State-of-the-art NMT systems are difficult to understand.
For the beginners, I highly recommend this project, which is a simplified version of Opennmt-py.
Though some modules reference to OpenNMT-py, most of the code (80%) is written by myself. With the scripts that I posted, you can even build your own NMT systems and evaluate them on WMT 2018 datasets.
(I implemented it with Pytorch 0.4. ) Python version >= 3.6 (recommended) Pytorch version >= 0.4 (recommended)
For training, please use a Moses-style configuration file to specify paths and hyper-parameters.
python train.py --config config/nmt.ini
For translation,
python translate.py --config config/nmt.ini --checkpoint {pretrained_model.pt} -v
A known bug is that beam_search does not support batch decoding: when using beam_search = True, you need to set test_batch_size=1 to make the output correct.

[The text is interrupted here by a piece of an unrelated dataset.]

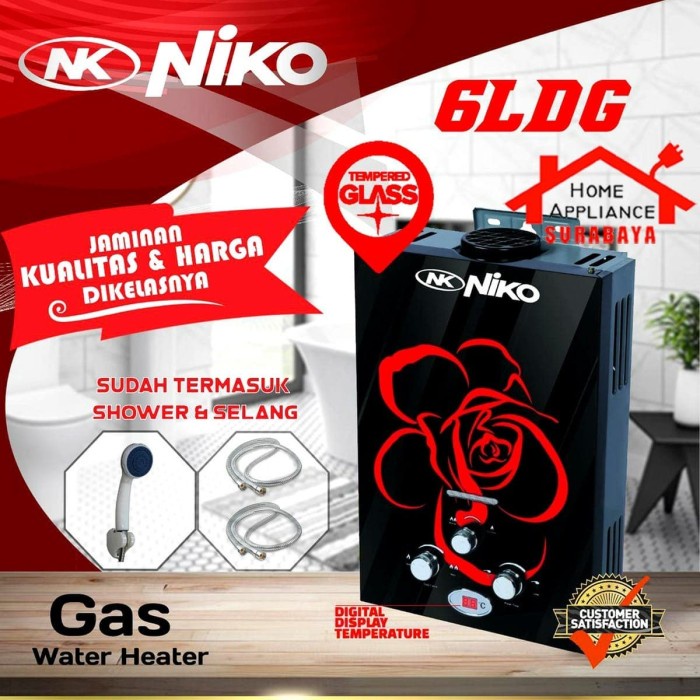 Water Heater Gas Niko Tempered Glass LED Display NK-6LDG NK 6 LDG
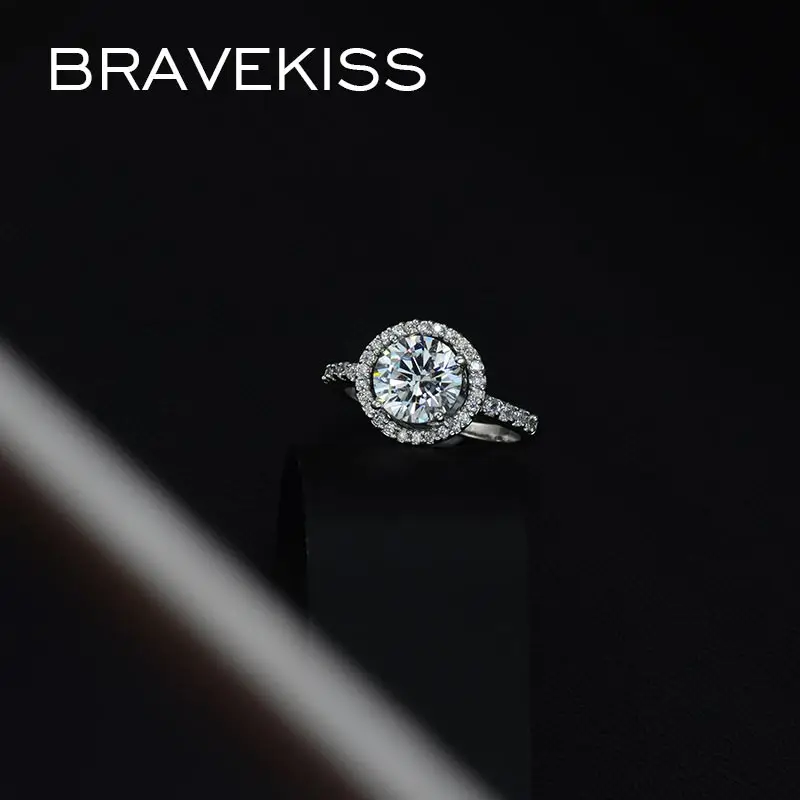 BRAVEKISS белого золота Цвет Роскошные Мода Помолвочные кольца для Для женщин CZ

For monotonic decoding (without beam_search), you can use any number for test_batch_size.
-
LSTM:
SGD 1.0 learning_rate_decay as 0.9 (recommended)
-
GRU:
Adam 1e-4 max_grad_norm = 5 (recommended)
-
Transformer:
Adam 1e-4, grad_accum_count = 4~5, label_smoothing=0.1 (recommended)
-
Vaswani, Ashish, et al. "Attention is all you need." Advances in Neural Information Processing Systems. 2017
-
Luong, Minh-Thang, Hieu Pham, and Christopher D. Manning. "Effective approaches to attention-based neural machine translation." arXiv preprint arXiv:1508.04025 (2015).
-
Bahdanau, Dzmitry, Kyunghyun Cho, and Yoshua Bengio. "Neural machine translation by jointly learning to align and translate." arXiv preprint arXiv:1409.0473 (2014).